Slashdot Mirror
Netgear Routers DoS UWisc Time Server
numatrix writes "For the last few months, hundreds of thousands of netgear routers being sold had hardcoded values in their firmware for ntp synchronization, causing a major denial of service to the University of Wisconsin's network before it was filtered and eventually tracked down. Highlights how not to code embedded devices." A really excellent write-up of the incident.
Highlights how not to code embedded devices
I think this highlights a "how not to code" idea, period. In 1986, when I was taking a BASIC (boo, hiss) course in high school, I learned that values should be expressed as variables even if the coder does not expect them to change. So instead of using (32 feet/second^2), one should instead declare g once, using whatever units are appropriate, and thereafter refer to g instead of a hardcoded value. If g changes, the coder need only update one line.
Note: I am not a programmer/coder/developer in any sense of any of the words, so technical nits should remain unpicked; however, if I am completely out in left field, please feel free to point that out.
I want to drag this out as long as possible. Bring me my protractor.
IMHO, since this is blatantly a case of Netgear cocking up their appliance they should not only a)refund any monies spent by the university in this problem and b)send out patches, at their own cost, to all users of affected routers. For heavens sake, so many people don't have anti-virus software installed, don't patch, why would they with a router? They just think "I plug this in to my cable modem, plug my computer in and I dun got thar intarnet workun" why would they know that they need to upgrade the products firmware?
I am NaN
Of course there is liability - liability means that 'is Party X responsible for the damage'. Netgear quite clearly was responsible for the damage. Even if they allege negligence on the part of their employee, it hardly matters: Netgear had a duty to assure that the software would not cause material harm to others. This is a classic product liability case, far as I can see.
As for the damages, those are somewhat vague. Sure, maybe they could be made to pay for the bandwidth used. The big hit would probably be punitive damages unrelated to the actual loss.
This would be a fun case and I would encourage them to sue. So many frivolous lawsuits floating around - this one would actually have some merit.
HBI's Law: Frequency of calling others Nazis is directly correlated with the likelihood of the accuser being Communist.
It would probably be deductable, passing some of the cost on to we taxpayers; but would sit alot better with public perceptions of the company.
Set up a few CS scholarships or funding a chair at the University would help.
They could turn it into a publicity coup and end up paying out less in the long run (and screw the lawyers too).
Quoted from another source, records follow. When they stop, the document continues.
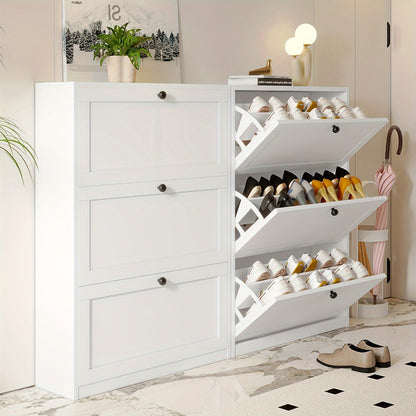 Narrow Shoe Cabinets And Shoe Storage with Hidden Storage for Entryway detail image - detail view 8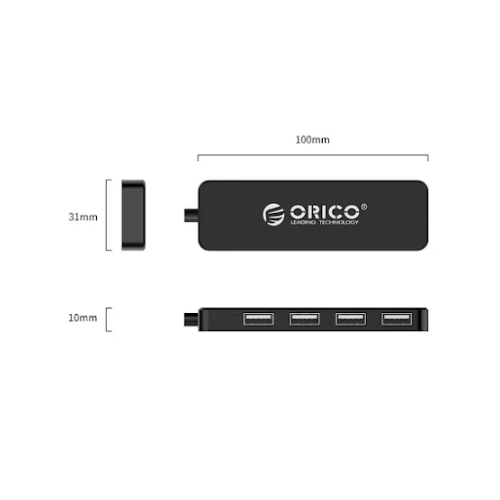 Bộ chia USB HUB 4 cổng USB 2.0 Orico FL01-BK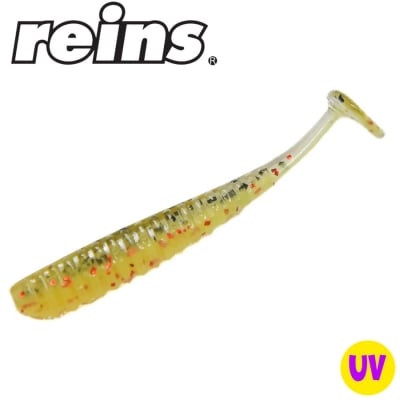 Reins Aji Ringer Shad 1.5 - B09 Smoke Mustard 12pcs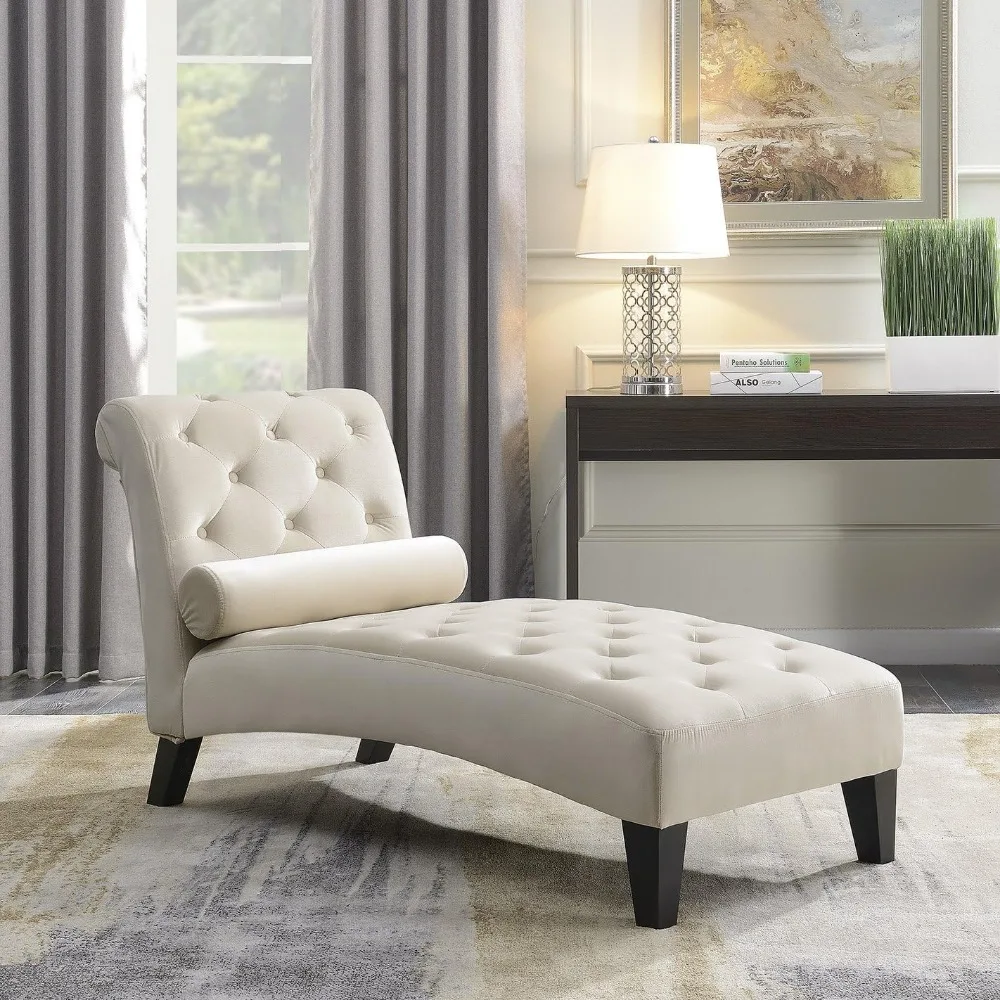Modern Chaise Lounge Chair Indoor, Leisure Chaise Lounge Sofa Upholstered Couch, Button Tufted Back Seat with Matching Accent P
Modern Chaise Lounge Chair Indoor, Leisure Chaise Lounge Sofa Upholstered Couch, Button Tufted Back Seat with Matching Accent P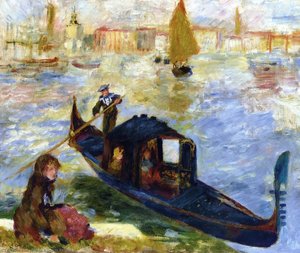 Gondola, Venice — Pierre-auguste Renoir, Impressionist Painting
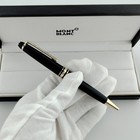 Montblanc Gold Finish Meisterstuck Classique Luxury Ballpoint Pen 164 With Box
Some (not all) insurance companies have finally discovered that it's usually cheaper to negotiate with the plaintiff right away, avoiding all of the sabre rattling and lopping off a third (or more) of the total probable cost.
Litigation is rarely the best answer.
Becasue it's not just a use of a public service, it's a complete abuse of a public service. It'd be like you damming up the colorado river for your own personal use and then telling LA to upgrade their water supply.
This was a big screwup - when an NTP query fails, you don't start retrying every second until it comes back. You don't hardcode a single server address for it. And you don't put this in 700,000 pieces of released hardware.
----
"I used to listen to Null Device before they sold out."